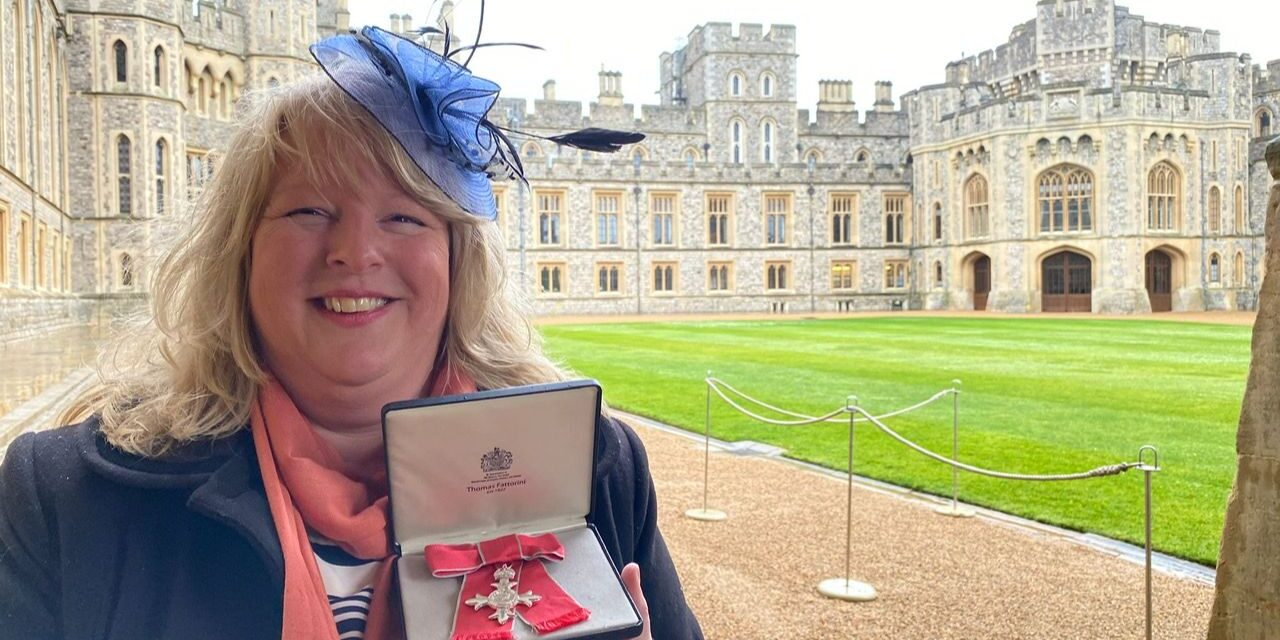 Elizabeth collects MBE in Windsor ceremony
=======
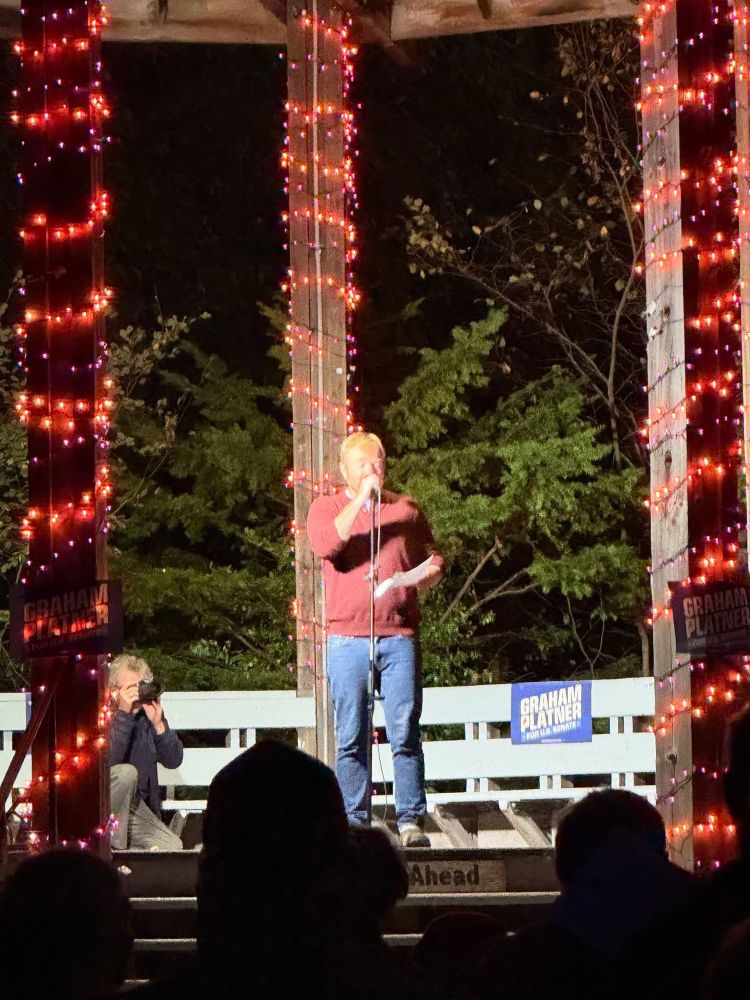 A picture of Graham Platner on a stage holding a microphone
=======
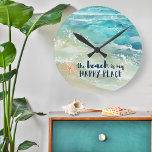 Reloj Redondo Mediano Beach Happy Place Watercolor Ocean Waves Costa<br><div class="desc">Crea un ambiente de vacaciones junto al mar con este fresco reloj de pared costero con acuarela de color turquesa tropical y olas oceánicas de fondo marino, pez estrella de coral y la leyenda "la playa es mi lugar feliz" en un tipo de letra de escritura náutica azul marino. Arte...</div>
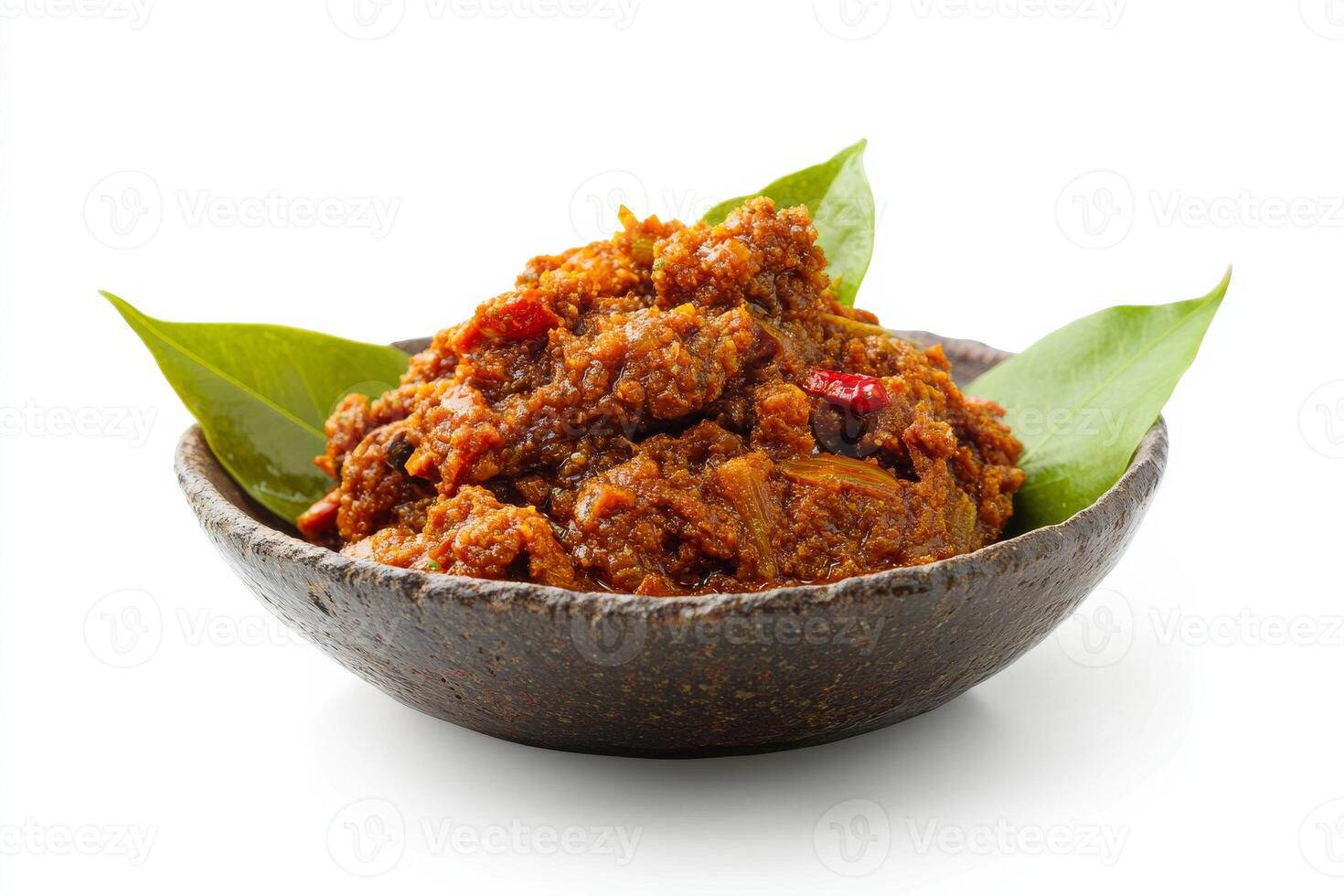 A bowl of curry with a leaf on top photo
=======
WORK TO COMPLETE:
An exact copy is needed of the entries above, starting at the line that holds "Reloj Redondo Mediano" and stopping at the line that holds "A bowl of curry with a leaf on top photo", both kept; pictures stay out.

RESULT FOR THIS TASK:
 Reloj Redondo Mediano Beach Happy Place Watercolor Ocean Waves Costa<br><div class="desc">Crea un ambiente de vacaciones junto al mar con este fresco reloj de pared costero con acuarela de color turquesa tropical y olas oceánicas de fondo marino, pez estrella de coral y la leyenda "la playa es mi lugar feliz" en un tipo de letra de escritura náutica azul marino. Arte...</div>
 A bowl of curry with a leaf on top photo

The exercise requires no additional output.